How slowly can a series grow to be convergent?

This may be a poorly worded question, but I hope to flesh out my ideas well. The takeaway here is this: some series diverge to infinity while others converge to a fixed value. Take the two classical examples: the harmonic series and the Basel Problem

$$\displaystyle\sum_{n=1}^\infty \frac{1}{n}= \infty \, , \hspace{0.6cm} \displaystyle\sum_{n=1}^\infty\frac{1}{n^2} = \frac{\pi^2}{6}$$

On one end, we have a divergent series, whereas on the other end, we have a convergent series, both series of which seem eerily similar, except for the square in the latter.

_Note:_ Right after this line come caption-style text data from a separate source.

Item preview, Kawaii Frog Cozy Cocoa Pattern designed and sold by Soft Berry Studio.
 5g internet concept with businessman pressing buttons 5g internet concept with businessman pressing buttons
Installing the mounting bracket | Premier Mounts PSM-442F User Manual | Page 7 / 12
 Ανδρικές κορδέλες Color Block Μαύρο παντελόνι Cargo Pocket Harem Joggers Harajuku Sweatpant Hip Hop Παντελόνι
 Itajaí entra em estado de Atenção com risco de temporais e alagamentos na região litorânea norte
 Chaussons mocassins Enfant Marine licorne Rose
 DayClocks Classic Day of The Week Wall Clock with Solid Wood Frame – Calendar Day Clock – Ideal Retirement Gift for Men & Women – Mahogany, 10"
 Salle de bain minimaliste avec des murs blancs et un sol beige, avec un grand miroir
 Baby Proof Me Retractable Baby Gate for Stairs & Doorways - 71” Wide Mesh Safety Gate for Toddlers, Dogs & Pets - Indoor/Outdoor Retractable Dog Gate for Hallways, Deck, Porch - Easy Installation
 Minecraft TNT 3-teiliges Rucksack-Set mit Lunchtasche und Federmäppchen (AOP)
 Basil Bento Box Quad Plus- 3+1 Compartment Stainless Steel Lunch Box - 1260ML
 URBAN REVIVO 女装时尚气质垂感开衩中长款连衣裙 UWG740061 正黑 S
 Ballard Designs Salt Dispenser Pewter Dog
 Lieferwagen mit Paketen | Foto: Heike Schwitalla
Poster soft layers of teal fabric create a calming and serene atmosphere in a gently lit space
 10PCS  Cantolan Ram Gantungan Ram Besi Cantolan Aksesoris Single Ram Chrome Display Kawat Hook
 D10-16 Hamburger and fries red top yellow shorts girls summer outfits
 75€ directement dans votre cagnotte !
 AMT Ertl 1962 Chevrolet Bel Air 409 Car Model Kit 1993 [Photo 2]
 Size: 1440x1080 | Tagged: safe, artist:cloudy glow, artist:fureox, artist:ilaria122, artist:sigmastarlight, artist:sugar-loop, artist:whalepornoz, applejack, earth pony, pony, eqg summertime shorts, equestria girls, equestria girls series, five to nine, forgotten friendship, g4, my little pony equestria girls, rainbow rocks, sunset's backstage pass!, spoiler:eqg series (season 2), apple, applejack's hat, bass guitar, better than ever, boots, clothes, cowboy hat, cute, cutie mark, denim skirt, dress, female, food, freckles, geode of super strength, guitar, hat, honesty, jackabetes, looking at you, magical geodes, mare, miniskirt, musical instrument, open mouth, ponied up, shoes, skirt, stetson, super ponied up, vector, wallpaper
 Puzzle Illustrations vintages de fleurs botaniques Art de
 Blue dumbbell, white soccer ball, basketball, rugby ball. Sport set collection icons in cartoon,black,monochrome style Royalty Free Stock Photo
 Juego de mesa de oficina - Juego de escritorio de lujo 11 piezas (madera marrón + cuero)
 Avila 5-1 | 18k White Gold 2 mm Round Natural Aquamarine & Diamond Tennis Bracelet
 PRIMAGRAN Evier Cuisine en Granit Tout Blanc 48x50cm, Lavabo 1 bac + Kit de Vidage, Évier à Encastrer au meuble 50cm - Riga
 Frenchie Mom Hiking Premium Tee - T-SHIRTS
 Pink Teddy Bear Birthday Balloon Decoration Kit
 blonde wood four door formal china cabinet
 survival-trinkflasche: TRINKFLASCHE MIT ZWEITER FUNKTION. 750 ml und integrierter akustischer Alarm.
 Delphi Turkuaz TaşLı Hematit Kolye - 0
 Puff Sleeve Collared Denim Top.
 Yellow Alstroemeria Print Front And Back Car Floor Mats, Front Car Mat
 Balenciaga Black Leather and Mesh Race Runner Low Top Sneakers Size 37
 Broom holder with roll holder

A question I might raise would be: at what "rate of growth" (loosely speaking) does a series have to grow to tip over from the point of convergence to sudden, chaotic divergence?

Yes, in Calculus, you learn about various convergence tests that allow one to test whether a given series is convergent, but I am wondering if there is a famous "rate of growth" that a series must "exceed" in order to indisputably diverge.

Solution 1:

It turns out that there is no perfect dividing line: given any convergent series (of positive terms), one can find another convergent series whose terms grow faster, while given any divergent series, one can find another divergent series whose terms grow slower.

However, for practical purposes, it can be helpful to note that the series $$ \sum_{n=2}^\infty \frac1{n\log n},\; \sum_{n=3}^\infty \frac1{n\log n\log\log n},\; \sum_{n=16}^\infty \frac1{n\log n\log\log n\log\log\log n},\; \dots $$ all diverge, while the series $$ \sum_{n=2}^\infty \frac1{n(\log n)^{1+\varepsilon}},\; \sum_{n=3}^\infty \frac1{n\log n(\log\log n)^{1+\varepsilon}},\; \sum_{n=16}^\infty \frac1{n\log n\log\log n(\log\log\log n)^{1+\varepsilon}},\; \dots $$ all converge for every $\varepsilon>0$. (You can verify these assertions all using the Integral Test!)